The lines to reproduce run from the one containing "2 Piece Color" to the end of the listing. Reproduce them exactly, both ends included, and nothing else.

### Records shown
= = = = =

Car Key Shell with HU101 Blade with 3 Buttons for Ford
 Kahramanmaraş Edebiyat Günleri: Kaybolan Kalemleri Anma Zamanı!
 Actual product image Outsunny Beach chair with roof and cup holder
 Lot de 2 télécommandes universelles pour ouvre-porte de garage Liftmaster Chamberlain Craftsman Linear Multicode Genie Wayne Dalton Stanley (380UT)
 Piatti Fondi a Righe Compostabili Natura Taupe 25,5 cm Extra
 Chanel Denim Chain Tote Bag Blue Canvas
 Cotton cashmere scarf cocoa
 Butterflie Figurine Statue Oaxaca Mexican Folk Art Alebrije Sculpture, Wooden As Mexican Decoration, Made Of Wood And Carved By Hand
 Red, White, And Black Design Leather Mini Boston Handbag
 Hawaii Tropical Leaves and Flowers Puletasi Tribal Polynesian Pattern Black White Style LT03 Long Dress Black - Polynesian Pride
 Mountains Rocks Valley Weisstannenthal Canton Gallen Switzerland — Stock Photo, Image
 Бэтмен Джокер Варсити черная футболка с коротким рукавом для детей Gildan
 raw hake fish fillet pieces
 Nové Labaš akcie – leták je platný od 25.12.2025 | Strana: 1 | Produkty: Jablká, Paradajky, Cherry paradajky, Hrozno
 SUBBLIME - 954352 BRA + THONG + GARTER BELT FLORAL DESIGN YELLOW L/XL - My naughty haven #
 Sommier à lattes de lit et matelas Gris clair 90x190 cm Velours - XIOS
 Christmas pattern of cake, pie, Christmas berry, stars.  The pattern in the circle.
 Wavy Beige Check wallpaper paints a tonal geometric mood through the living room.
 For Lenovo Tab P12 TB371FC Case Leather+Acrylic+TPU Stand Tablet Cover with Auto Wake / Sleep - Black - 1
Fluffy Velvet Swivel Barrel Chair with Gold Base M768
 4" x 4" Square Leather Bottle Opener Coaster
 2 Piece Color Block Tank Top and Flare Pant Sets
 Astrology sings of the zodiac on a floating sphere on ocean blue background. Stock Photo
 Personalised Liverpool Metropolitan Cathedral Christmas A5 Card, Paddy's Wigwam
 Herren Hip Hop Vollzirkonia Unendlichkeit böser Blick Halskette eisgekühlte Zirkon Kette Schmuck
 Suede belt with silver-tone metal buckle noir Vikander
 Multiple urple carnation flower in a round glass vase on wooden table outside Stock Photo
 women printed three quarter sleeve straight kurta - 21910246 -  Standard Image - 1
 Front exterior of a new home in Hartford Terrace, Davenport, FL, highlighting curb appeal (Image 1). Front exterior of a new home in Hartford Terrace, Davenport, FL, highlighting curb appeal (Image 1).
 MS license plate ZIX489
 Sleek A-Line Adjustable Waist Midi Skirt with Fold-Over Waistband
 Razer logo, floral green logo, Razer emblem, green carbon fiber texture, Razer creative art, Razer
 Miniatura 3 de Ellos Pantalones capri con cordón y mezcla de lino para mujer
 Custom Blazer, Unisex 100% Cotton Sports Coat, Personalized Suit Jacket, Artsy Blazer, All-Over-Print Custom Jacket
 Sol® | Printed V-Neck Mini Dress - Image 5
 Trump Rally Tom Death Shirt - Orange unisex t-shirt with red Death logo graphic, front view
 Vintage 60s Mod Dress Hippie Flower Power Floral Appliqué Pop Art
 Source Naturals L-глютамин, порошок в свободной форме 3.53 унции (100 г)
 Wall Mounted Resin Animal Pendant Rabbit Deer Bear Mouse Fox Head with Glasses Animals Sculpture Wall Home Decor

= = = = =

### Answer to this exercise
 2 Piece Color Block Tank Top and Flare Pant Sets
 Astrology sings of the zodiac on a floating sphere on ocean blue background. Stock Photo
 Personalised Liverpool Metropolitan Cathedral Christmas A5 Card, Paddy's Wigwam
 Herren Hip Hop Vollzirkonia Unendlichkeit böser Blick Halskette eisgekühlte Zirkon Kette Schmuck
 Suede belt with silver-tone metal buckle noir Vikander
 Multiple urple carnation flower in a round glass vase on wooden table outside Stock Photo
 women printed three quarter sleeve straight kurta - 21910246 -  Standard Image - 1
 Front exterior of a new home in Hartford Terrace, Davenport, FL, highlighting curb appeal (Image 1). Front exterior of a new home in Hartford Terrace, Davenport, FL, highlighting curb appeal (Image 1).
 MS license plate ZIX489
 Sleek A-Line Adjustable Waist Midi Skirt with Fold-Over Waistband
 Razer logo, floral green logo, Razer emblem, green carbon fiber texture, Razer creative art, Razer
 Miniatura 3 de Ellos Pantalones capri con cordón y mezcla de lino para mujer
 Custom Blazer, Unisex 100% Cotton Sports Coat, Personalized Suit Jacket, Artsy Blazer, All-Over-Print Custom Jacket
 Sol® | Printed V-Neck Mini Dress - Image 5
 Trump Rally Tom Death Shirt - Orange unisex t-shirt with red Death logo graphic, front view
 Vintage 60s Mod Dress Hippie Flower Power Floral Appliqué Pop Art
 Source Naturals L-глютамин, порошок в свободной форме 3.53 унции (100 г)
 Wall Mounted Resin Animal Pendant Rabbit Deer Bear Mouse Fox Head with Glasses Animals Sculpture Wall Home Decor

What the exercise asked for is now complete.